During the Late Middle Ages the major industries of Morcote included fishing, farming and shipping. During the end of the Middle Ages, artists began to move into the town as well. In 1583 the town had a self-supporting parish established in the parish church Santa Maria del Sasso, which dated from the 13th century.
In 1862, seven houses slid into the lake.
Morcote has an area, as of 1997, of 2.8 square kilometers (1.1 sq mi). Of this area, 0.41 km2 (0.16 sq mi) or 14.6% is used for agricultural purposes, while 2.28 km2 (0.88 sq mi) or 81.4% is forested. Of the rest of the land, 0.43 km2 (0.17 sq mi) or 15.4% is settled (buildings or roads), 0.03 km2 (7.4 acres) or 1.1% is either rivers or lakes.
Of the built up area, housing and buildings made up 12.9% and transportation infrastructure made up 1.8%. Out of the forested land, all of the forested land area is covered with heavy forests. Of the agricultural land, 1.4% is used for growing crops and 12.9% is used for alpine pastures. All the water in the municipality is in lakes.
The municipality is located in the Lugano district, between Lake Lugano and Monte Arbostora. It consists of the village of Morcote, the village of Vico until 1803 and between 1803–16, Carabietta.
Coat of arms
Heritage sites of national significance
The Chapel of S. Antonio Abate with its monumental staircase, the Parish Church of S. Maria del Sasso with Oratory, the Cimitero monumentale (Cemetery) and Scherrer Park are listed as Swiss heritage site of national significance. The entire village of Morcote is part of the Inventory of Swiss Heritage Sites.

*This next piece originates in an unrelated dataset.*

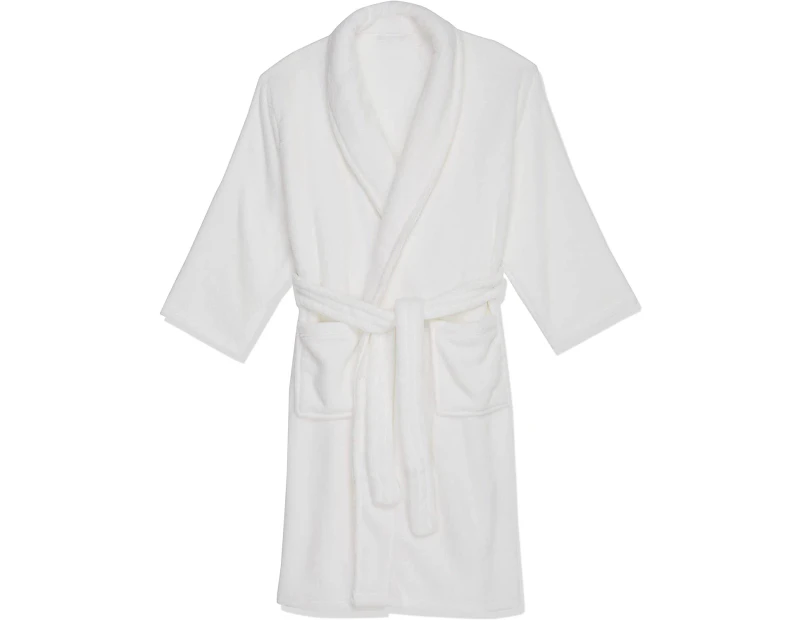 Bathrobe Dressing Gown Men's Women's Luxurious Coral Fleece White S/M - White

The church of Santa Maria del Sasso was probably built in the 13th century. It was completely rebuilt in 1462 in the style of the Renaissance. In 1758 it was renovated in the baroque style, while in the 18th century a monumentual staircase was added to the front of the church. The church tower was built in the Middle Ages and made taller during the 16th century. The church contains several valuable frescos from the 16th and 17th Centuries including one painting that is dated to 1513. The sacramental chapel contains carvings from 1591 and paintings from 1611. In the chapel on the opposite side contains an example of illusionistic architecture painting from the 18th century.

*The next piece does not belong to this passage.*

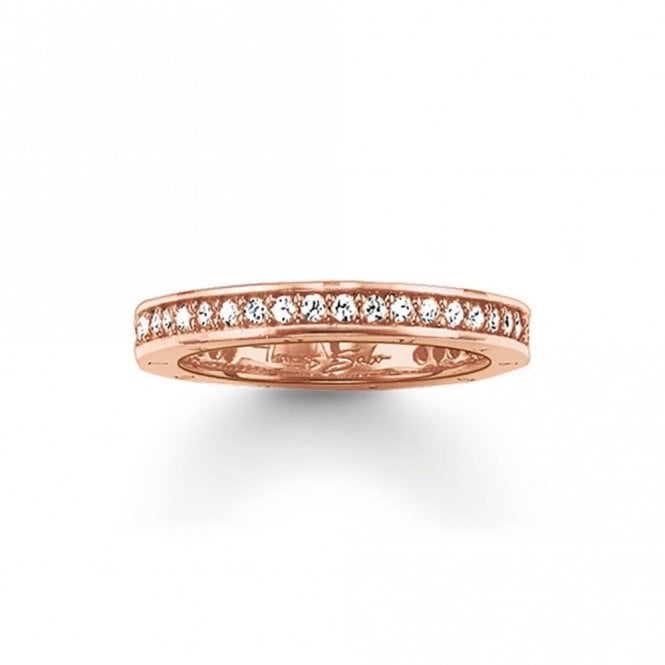 THOMAS SABO Sterling Silver Rose Gold CZ Full Eternity Ring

In 1750 a large cemetery was added near the church. In the beautiful terraced cemetery overlooking the lake, many artists are buried, among them Alexander Moissi, actor, Georges Baklanoff, Russian baritone, Georg Kaiser, German author, and Eugen d’Albert, German composer and pianist.
The chapel of Sant' Antonio Abata, conscrated before 1591, was originally a hospice run by the Antonines order of Vienna. The interior houses several frescoes from a 15th-century master artist from Seregno, as well as other newer paintings.

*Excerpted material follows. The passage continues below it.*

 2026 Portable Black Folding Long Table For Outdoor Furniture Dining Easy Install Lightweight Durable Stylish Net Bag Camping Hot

The arcades along the lake shore date partly from the Late Middle Ages and include several noble houses from the 16th to 18th centuries. One of the most interesting is the Palazzo Paleari which was built in 1483 and renovated in 1661.
In 1965, Scherrer Gardens, the former home of wealthy St. Gallen textile merchant, was opened to the public. The gardens are rich with luxurious subtropical vegetation and many kinds of buildings and art, both original and copies from all over the world. The gardens include palm trees, camellias, wisteria and oleanders, cedar and cypress trees, camphor and eucalyptus, magnolias and azaleas, orange and lemon trees, bamboo and many other kinds of fragrant plants.
Morcote has a population (as of December 2015) of 769. As of 2008, 33.4% of the population are resident foreign nationals. Over the last 10 years (1997–2007) the population has changed at a rate of 11.4%.
Most of the population (as of 2000) speaks Italian (70.2%), with German being second most common (18.8%) and Serbo-Croatian being third (3.8%). Of the Swiss national languages (as of 2000), 142 speak German, 14 people speak French, 529 people speak Italian, and 2 people speak Romansh. The remainder (67 people) speak another language.
As of 2008, the gender distribution of the population was 47.5% male and 52.5% female. The population was made up of 229 Swiss men (30.7% of the population), and 125 (16.8%) non-Swiss men. There were 270 Swiss women (36.2%), and 122 (16.4%) non-Swiss women.
In 2008 there were 6 live births to Swiss citizens and 1 birth to non-Swiss citizens, and in same time span there were 3 deaths of Swiss citizens and 1 non-Swiss citizen death. Ignoring immigration and emigration, the population of Swiss citizens increased by 3 while the foreign population remained the same. There was 1 Swiss man and 3 Swiss women who emigrated from Switzerland. At the same time, there were 5 non-Swiss men and 8 non-Swiss women who immigrated from another country to Switzerland. The total Swiss population change in 2008 (from all sources, including moves across municipal borders) was a decrease of 14 and the non-Swiss population change was an increase of 11 people. This represents a population growth rate of −0.4%.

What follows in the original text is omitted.